This repository is a replication of the work of Chen and Zimmermann (2022), which highlights the successful replication of anomalies. Their project provides valuable data on firm characteristics and portfolio returns. And many reserachers are using their data in academic research. For the original study and more information, please refer to their project of Open Source Cross-Sectional Asset Pricing.
- Everything in Python (Chen and Zimmermann use Stata and R)
- Firm characteristics are in parquet format
- Faster read and write speed
- Smaller file size
- For R users, to read parquet data, you can install arrow
package
install.packages("arrow")
- For Stata users, to read parquet data, see this guidance: https://github.com/mcaceresb/stata-parquet
- 96 different ways to compute portfolio returns (see example in step 3 of How to use)
- Easy to update firm characteristics and portfolio returns
I have followed the code structure and firm characteristic definitions outlined in Chen and Zimmermann's work to replicate various anomalies in Python. Specifically, I have replicated anomalies that rely on CRSP or Compustat data. Please note that anomalies requiring data from other sources, such as IBES or OptionMetrics, have not been included in this replication.
There are a total of 138 anomalies. To view the complete list of
anomalies, please refer to the predictors.csv
file.
Warning
- The code has been tested on macOS Sonoma version 14.1 with Python 3.10.13.
- And it is easy to run the bash files in any Linux system.
- Windows users should use with cautions (I do not have windows enviornment to test it)
Before you proceed to run the code, please ensure that you have the following packages installed (the versions used for testing are shown in parentheses).
- numpy (1.26.0)
- scipy (1.11.3)
- pandas (2.1.2)
- pandas-datareader (0.10.0)
- wrds (3.1.6)
- python-duckdb (0.9.1)
- statsmodels (0.14.0)
- joblib (1.3.2)
- pandarallel (1.6.5)
- numba (0.58.1)
You can obtain the code in two ways:
Option 1: Clone the repository using the following command:
git clone https://github.com/mk0417/anomalies-replication-python.git
Option 2: Download the ZIP file by following these steps:
- Click on the "Code" button at the top right with a green background.
- Select "Download ZIP."
- Unzip the downloaded file.
Important
Data is extracted from WRDS cloud and you need to change the WRDS username
- Open the file of
functions.py
undercode
directiry - Move to line 33
- Replace 'change to your wrds username' with your WRDS username (keep the quotation mark)

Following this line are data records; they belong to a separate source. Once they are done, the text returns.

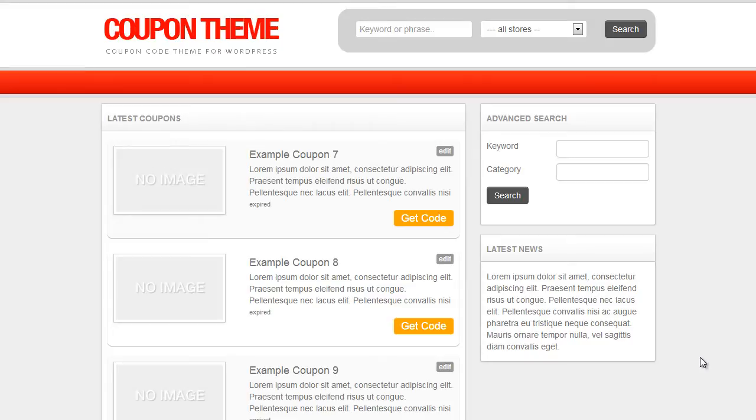Hi guys, in this video tutorial I'm going to show you how to use the iCodes import tool to import mass amounts of coupons and offers into your newly created coupon theme website.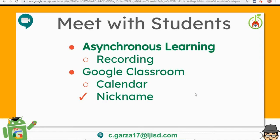Let's talk about asynchronous learning. Asynchronous learning is when you record a video or a lesson that explains the objectives to the students. It'll be more of a self-paced training for the students. With Google Meet, what you can do is small group for those that are able to join in, or individual.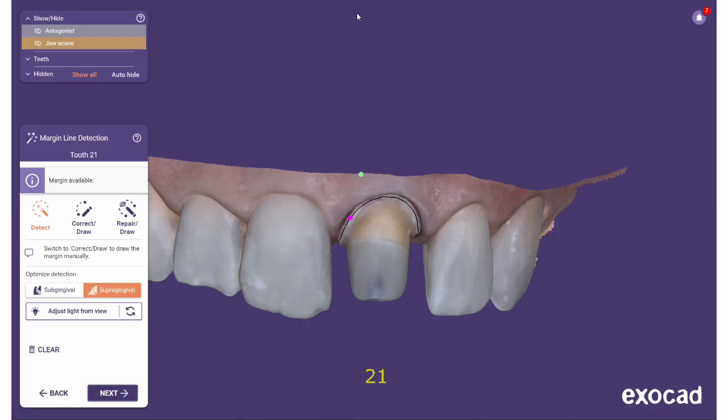This helps you find the correct position for the initial seed point for the automatic margin line detection. For crowns and related restorations, a single click will typically suffice. The automatic margin line detection will start after the first click. For inlays, four points must be set for the detection to start.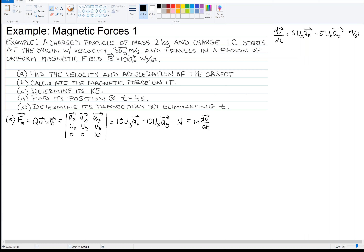So what I have essentially is du/dt is equal to 5Uy Ax minus 5Ux Ay, in meters per second squared because we divided by 2 kilograms. We've got three differential equations written compactly in vector notation. In the X direction: dUx/dt = 5Uy. In the Y direction: dUy/dt = -5Ux. And dUz/dt = 0, because there's no component in the Z direction.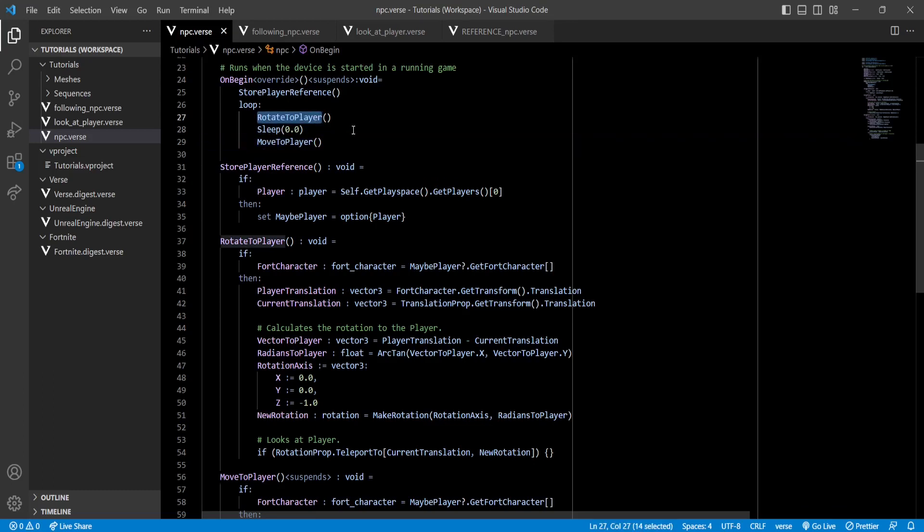In that case, moveToPlayer will take some time, and the loop will have to wait for it to finish. So in that time, our NPC will not be able to rotate to the player. Now you'll see it in-game.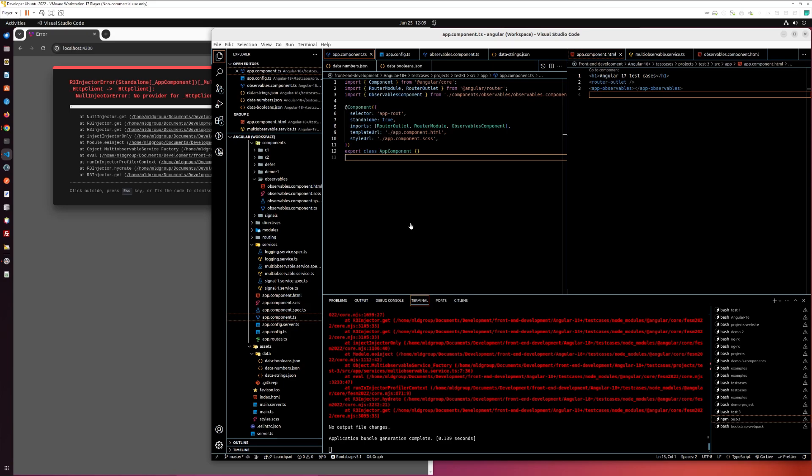Hello, I would like to show you how to fix null injector error in Angular 17.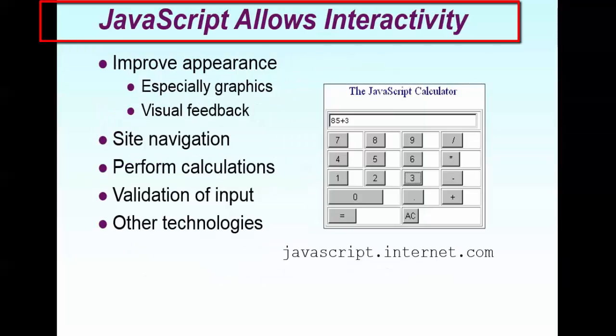This is how, when I say interactive. Let us take an example of JavaScript calculator. So whenever you calculate, 85 plus 3, whenever you say equal to button, then you need a result. So this calculation can be done in JavaScript.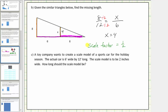A toy company wants to create a scale model of a sports car for the holiday season. The actual car is six feet wide by twelve feet long, and the scale model is to be two inches wide. To answer how long the scale model should be, we'll set up two ratios comparing width to length. One issue: the actual car's dimensions are in feet while the model's are in inches.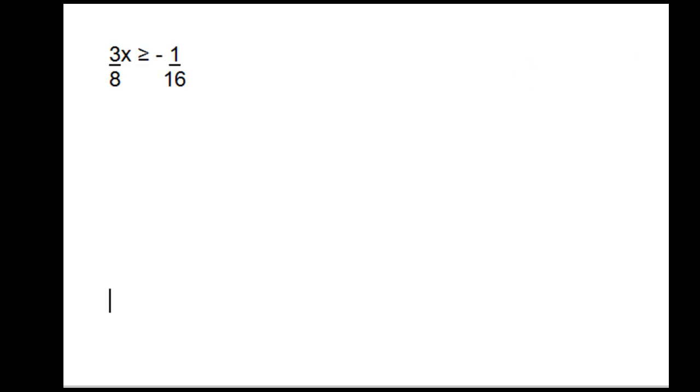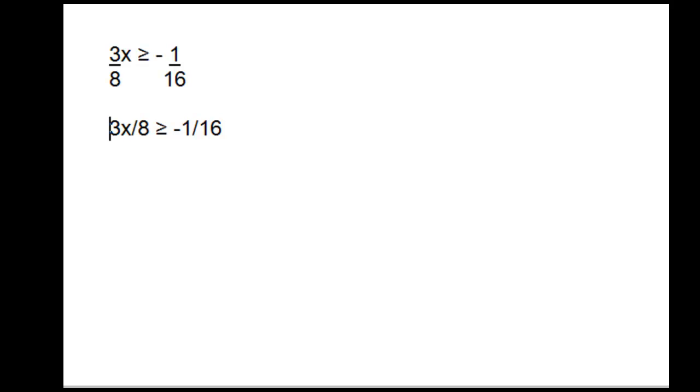The next problem is 3x/8, or three-eighths x, is greater than or equal to -1/16. For ease of typing, I'm going to rewrite the inequality as 3x/8 ≥ -1/16.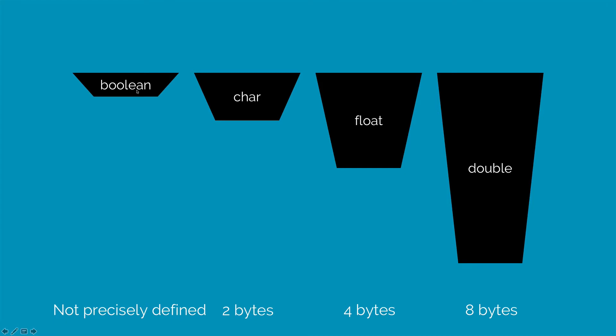Unlike other programming languages where 0 is false and any other number is true or 1 is true, Java does not have such exceptions. Boolean can only contain true and false.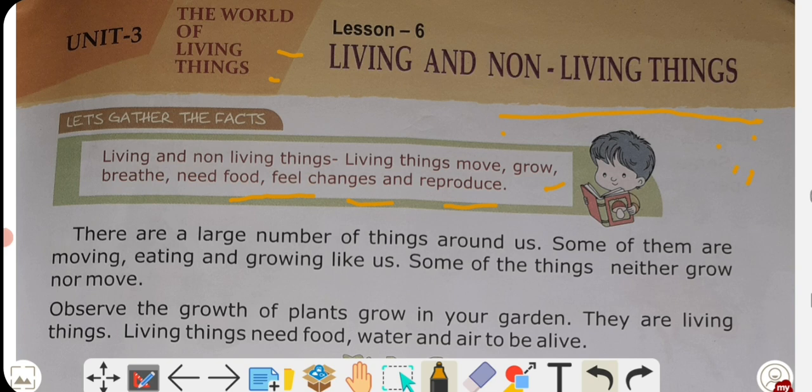Living things also grow. If someone is five years old now, next year they will be six, then seven — their height and body size change. That is growing. Similarly, a plant starts from a small seed, becomes a plant, and slowly grows taller until it becomes a big tree. This process is called growth.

To download the necessary datasets, navigate to the data_download
folder (under the folder of code
) in your terminal and execute the
following command:
sh run_download.sh
Important
- A prompt will appear and you need to type your WRDS credentials
- Answer y in the prompt to create .pgpass file
This will download all required datasets. A folder named
data_download
(under the folder of data
) will be automatically
created, and all raw data will be saved in this directory.
To generate firm characteristics, navigate to the predictors
folder
(under the folder of code
) in your terminal and run the following
command:
sh run_predictors.sh
This process will create a folder named predictors
under the data
folder, and it will store firm characteristics in this directory.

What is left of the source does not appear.